» Work instructions
Wherever a picture appears in the listing, leave it out, and copy the rest exactly.

» Data provided
+ + + +
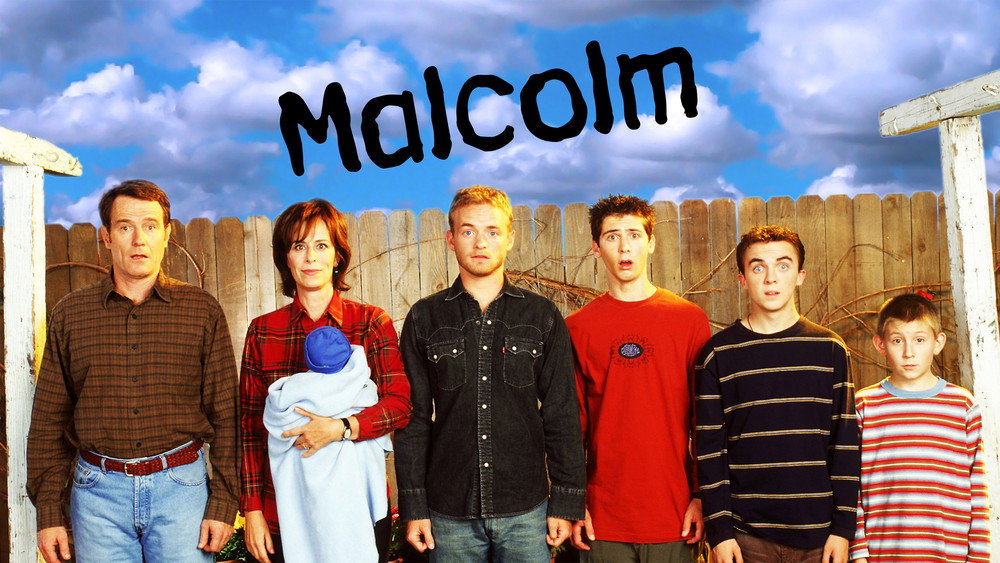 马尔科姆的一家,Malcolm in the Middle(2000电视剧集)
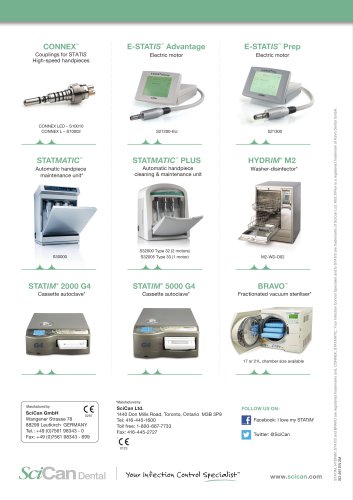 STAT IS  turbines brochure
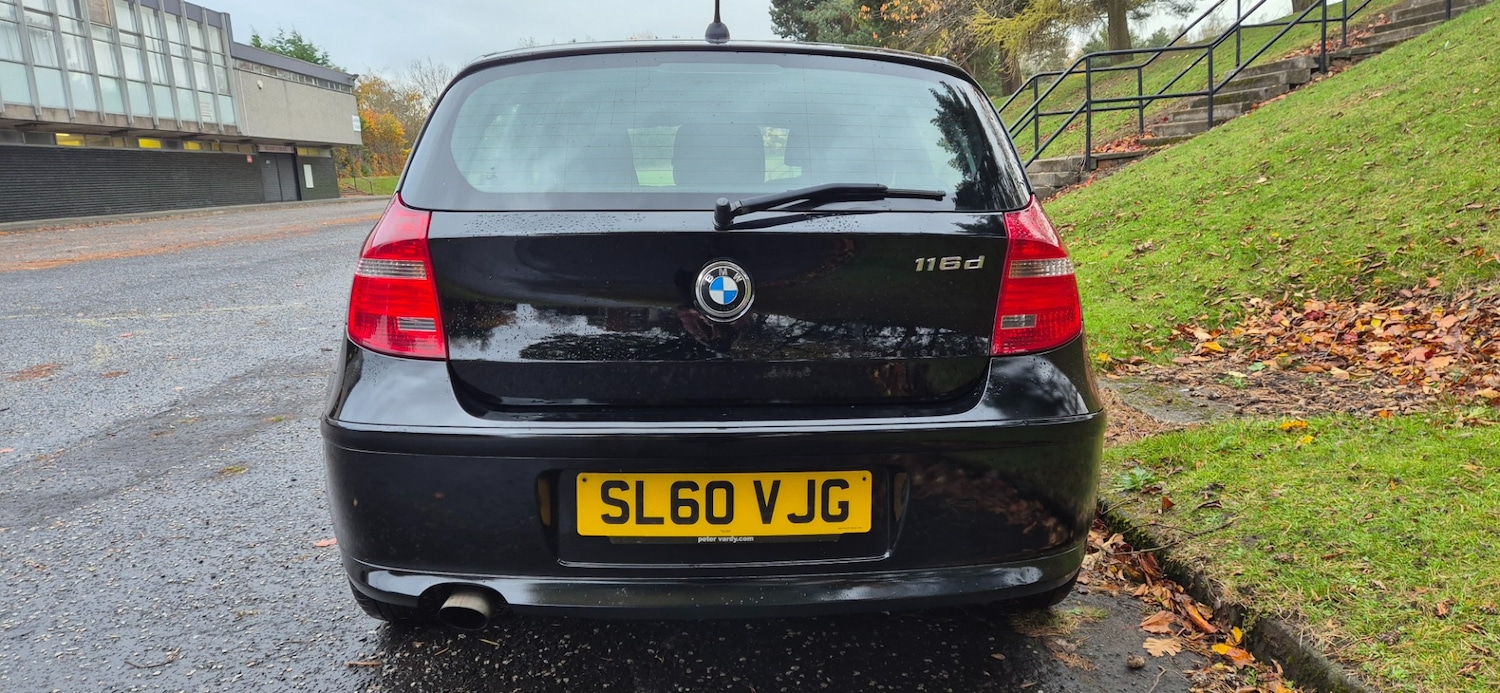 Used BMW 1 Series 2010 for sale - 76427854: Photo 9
+ + + +
» Answer box
 马尔科姆的一家,Malcolm in the Middle(2000电视剧集)
 STAT IS  turbines brochure
 Used BMW 1 Series 2010 for sale - 76427854: Photo 9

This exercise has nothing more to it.